FACT CHECK: Does This Video Show A Volcanic Eruption In Tonga?

Elias Atienza | Fact Check Reporter

A video shared on Facebook purportedly shows the “exact moment” the recent volcanic eruption in Tonga took place.

Verdict: False

The video actually shows a years-old digital simulation of a volcanic eruption.

Fact Check:

Tonga, a nation consisting of about 170 islands located in the Pacific Ocean, was hit by a volcanic eruption and tsunami Jan. 17, with officials calling the event an “unprecedented disaster” that left at least three dead, according to CNN. Authorities from nearby New Zealand have warned of more potential eruptions that could disrupt aid, the outlet reported.

Social media users began sharing a video claiming to show the “exact moment” when Tonga was hit by the eruption of, what the post calls, the “Valcan Tonga Karaka Tonga” volcano. The video shows an explosion in the distance before a blast wave hits the island, leaving behind massive devastation.

A reverse image search conducted by Check Your Fact found the video predates the recent natural disasters in Tonga. The video is a digital simulation of a volcanic eruption shared on YouTube in October 2017 by the Auckland War Memorial Museum before being deleted. The museum re-uploaded the YouTube video in December 2019. A still from the video can be seen on the museum’s page titled “Living with volcanoes.”

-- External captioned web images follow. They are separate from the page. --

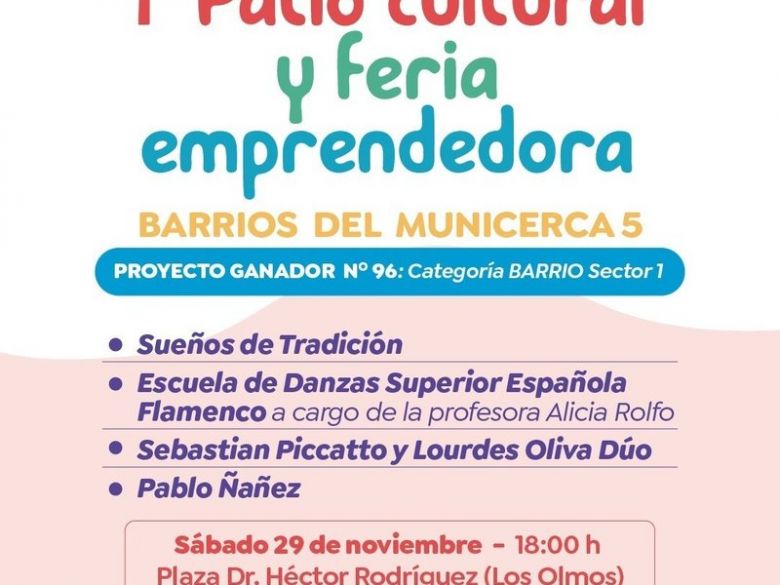 Se realizará el 1° Patio Cultural en barrios del Municerca 5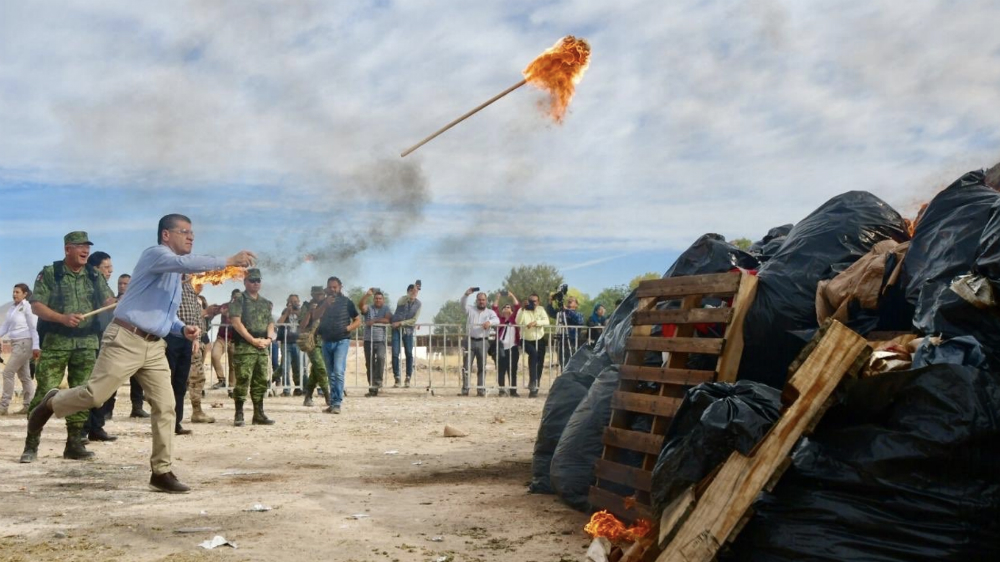 Destruyen en Coahuila droga con valor de más de 219 millones de pesos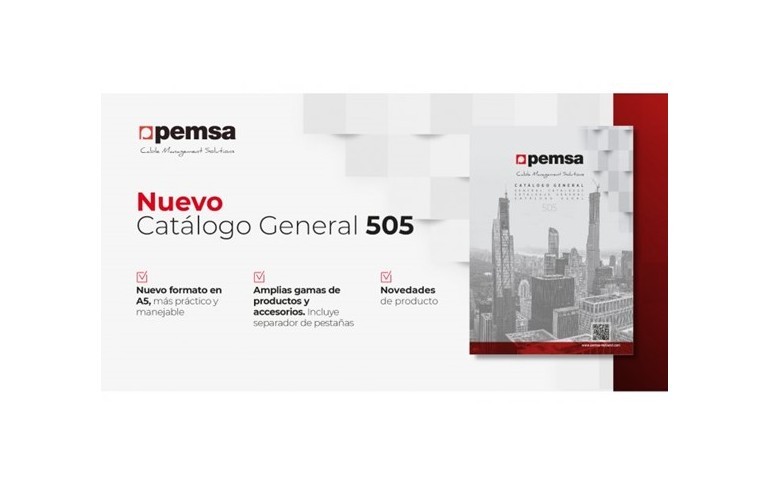 Pemsa lanza su nuevo Catálogo General en un formato más manejable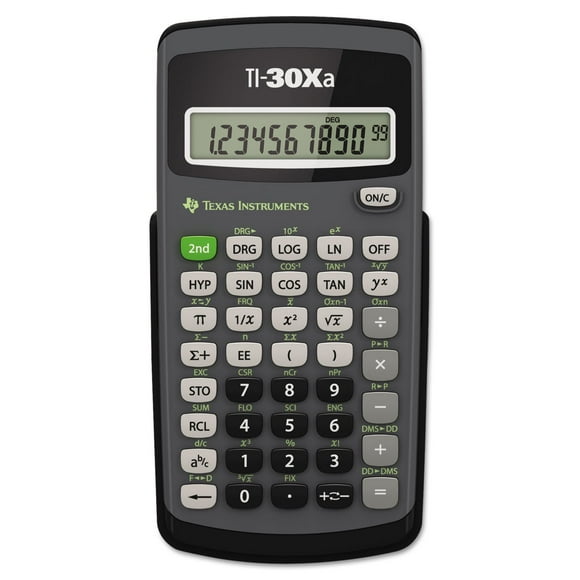 Calculadora científica Texas Instruments Ti-30Xa con pantalla LCD de 10 dígitos
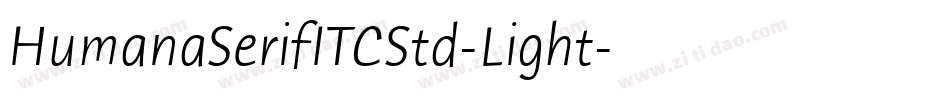 HumanaSerifITCStd-Light字体转换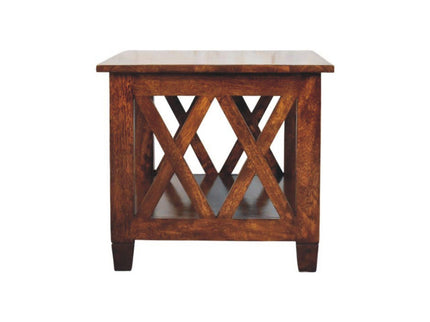 Belmont - X Frame Coffee Table - Brown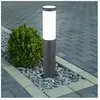 ETC-SHOP Lampe sur pied en acier inoxydable Lampe d'extérieur pour écl...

“This is an educational simulation of an earthquake caused by a volcanic eruption,” the YouTube video’s description reads. (RELATED: Does This Video Show A Tsunami Hitting China During The Coronavirus Pandemic?)

The video can also be found on creative agency company Brandspank‘s Vimeo page in 2011 with the title “Auckland Museum Volcanic Eruption.” The description credits the company for the photography and the visual effects of the video.

“This projected sequence was designed to simulate a window view in a purpose built set of an Auckland lounge room,” the video’s caption reads, in part. “High end 3D technologies and particle effects were combined with a background plate creating a realistic rendering of a catastrophic event.”

Check Your fact previously debunked a video in December 2021 that falsely claimed to show the eruption of Indonesia’s Mount Semeru.